A lifetime psychiatric history predicts a worse seizure outcome following temporal lobectomy

A. M. Kanner, R. Byrne, A. Chicharro, J. Wuu, M. Frey

Research output: Contribution to journalArticlepeer-review

182 Scopus citations


PURPOSE: To identify the psychiatric and epilepsy variables predictive of postsurgical seizure outcome after anterotemporal lobectomy (ATL). METHODS: Retrospective study of 100 consecutive patients with temporal lobe epilepsy (TLE) who underwent ATL. The mean (± SD) follow-up period was 8.3 (± 3.1) years. Three types of surgical outcomes were examined at 2 years after surgery and at last contact: class IA (no disabling seizures no auras), class IA + IB (no disabling seizures), and class IA + IB + IC (no or rare disabling seizures in the first postsurgical year). Logistic regression analyses were performed separately for the three types of surgical outcomes.
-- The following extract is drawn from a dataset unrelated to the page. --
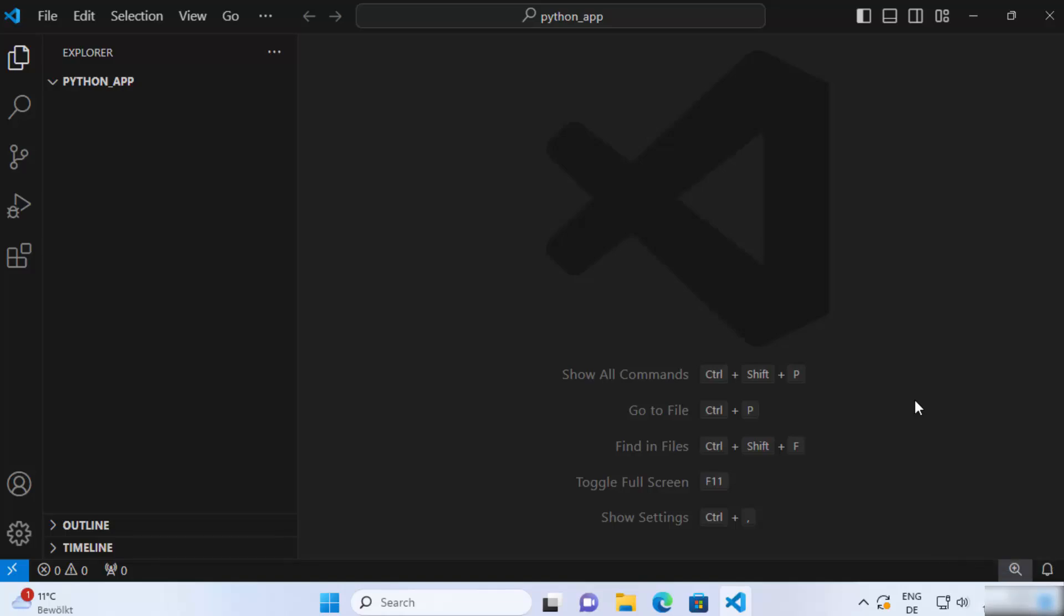Hey guys, in this video I'm going to show you how you can install the PyTorch packages in your Visual Studio Code editor for Python.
The epilepsy-related independent variables included age at onset, cause of TLE (mesial temporal sclerosis, lesional and cryptogenic TLE), extent of resection of mesial structures, neuropathologic abnormalities, having only complex partial seizures, and duration of the seizure disorder. The psychiatric independent variables included a postsurgical and presurgical lifetime history of mood, anxiety, attention deficit hyperactivity, and psychotic disorders. RESULTS: The absence of a psychiatric history was an independent predictor of all three types of surgical outcomes. In addition, a larger resection of mesial structures was a predictor for class IA outcome, and having only complex partial seizures (vs generalized tonic-clonic seizures) was a predictor for class IA + IB and IA + IB + IC. Having mesial temporal sclerosis (vs other causes of TLE) was a predictor for class IA + IB + IC as well. CONCLUSIONS: These data indicate that a lifetime psychiatric history may be predictive of a worse postsurgical seizure outcome after an anterotemporal lobectomy.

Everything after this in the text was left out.